As movie titles go, The 24 Hour War is a bit of a misnomer. The latest artful racing documentary from avowed car and film aficionados Adam Carolla and Nate Adams doesn’t chronicle one 24-hour race, but rather the years-long mid-1960s battle for supremacy between Ferrari and Ford at iconic Le Mans.
And what a war it was, pitting sinister machines, rakish engineers and courageous drivers against each other in a literally death-defying contest that bestowed on the winner not only sporting bragging rights but also the financial spoils reaped from marketing buzz.
Ford had all but abandoned the race-on-Sunday, sell-on-Monday mantra when it duelled Ferrari a half-century ago.
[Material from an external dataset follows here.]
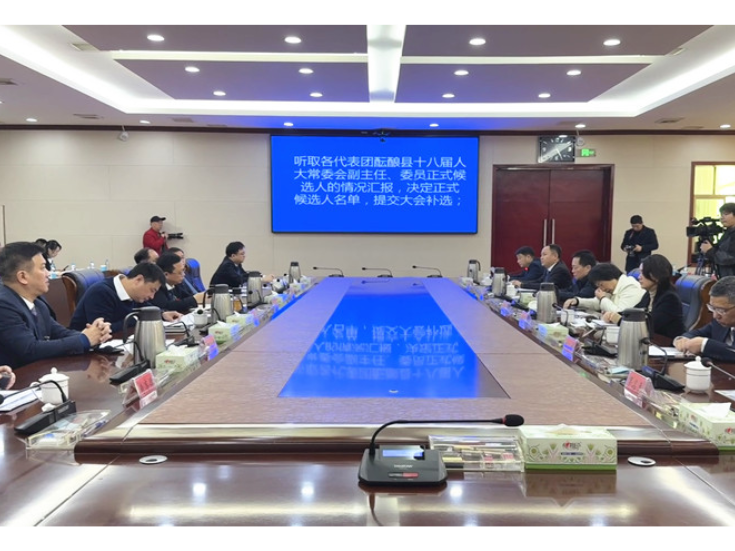 两会进行时丨衡南县十八届人大七次会议主席团召开第四次会议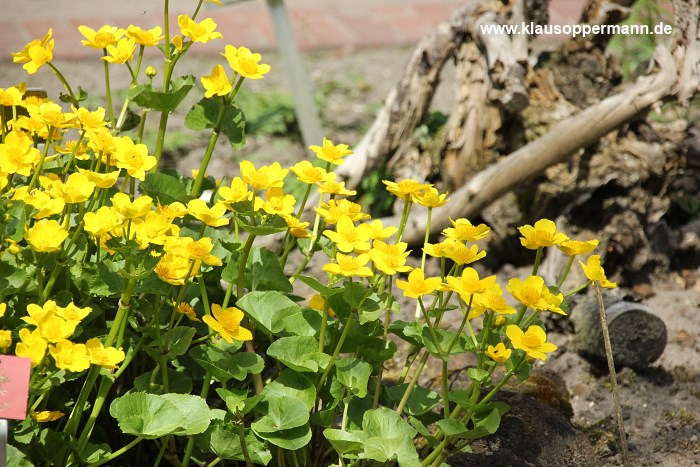 fruehling im botanischen garten oldenburg 008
And race-centric Ferrari was known mainly as a racing team that happened to sell cars.
But when the dust settled on this contest, Ford would forever be associated with the exploits of its GT40, and Ferrari – thanks in part to gripping television coverage – would overnight become the red cars that haunted the fantasies of many a future US car buyer.
‘This rivalry resulted in your everyman learning more about Ferrari and what it stood for,' says Adams, who along with TV personality and racer Carolla is behind a documentary on the automotive passion of Paul Newman (Winning: The Racing Life Of Paul Newman) and, coming soon, films on the exploits of Carroll Shelby and African-American racing pioneer Willy T Ribbs.
‘What you realised was that this really was the first time in the history of racing that a company [Ford] spent millions of dollars to win,’ says Adams. ‘In terms of Ferrari, after this duel, they largely pulled out of Le Mans [as a factory team] and focused on Formula One. They realised they could not spend what Ford was willing to do. In the end, that all began the high-priced war to win that we see now at many levels of racing.’
Adams says that when he and Carolla read A J Baime’s 2009 book on the Ferrari-Ford battle, Go Like Hell (long rumoured to be made into a motion picture), they knew that the archetypes of a gripping drama were all in place.
After Enzo Ferrari spurned an acquisition overture from Henry Ford II in the early 1960s, the Detroit scion decided to get his revenge on the track. But not just any track. Le Mans was not only the most gruelling race for drivers and cars alike, it was also a venue where Ferrari was virtually indomitable with its stable of 250s and 330s, claiming victory six years in a row between 1960 and 1965, thanks to drivers such as Paul Frère and world champion Phil Hill.
As The 24 Hour War highlights, Ford charged into this Ferrari lion’s den led by Carroll Shelby, who commanded a rather ragtag group of youngsters that were hastily assembling cars, which, while they looked the part, didn’t go at the show and failed outright during the 1965 contest.
‘It’s really hard to appreciate how much work, on both sides, went into building, designing, setting up and testing a race car, which then had to not break for 24 hours,' says Adams. 'Blood, sweat and tears were all poured on to that grid.’
In 1966, fate shone on Ford, big time. Despite a constant threat from Ferrari’s sinuous P3s and P4s, over the next four years at Le Mans drivers piloting either Ford GT40 Mark IIs or GT 40 Mark I Gulfs – racers with now-iconic names such as Bruce McLaren, A.J. Foyd and Dan Gurney – all took the top trophy at the Circuit de la Sarthe.
After 1969, neither Ford nor Ferrari would ever return to that podium again to claim factory honours.
‘Ford may have won in the end, with those last late 1960s victories, but to me the amazing part of this whole story is the duality of it,’ says Adams. ‘Enzo Ferrari literally lived to race, and out of grudging necessity sold sports cars. Henry Ford II had all but given up racing, but then threw all his resources behind beating his rival on the biggest stage he could find. It was an arms race, but on a racing track.’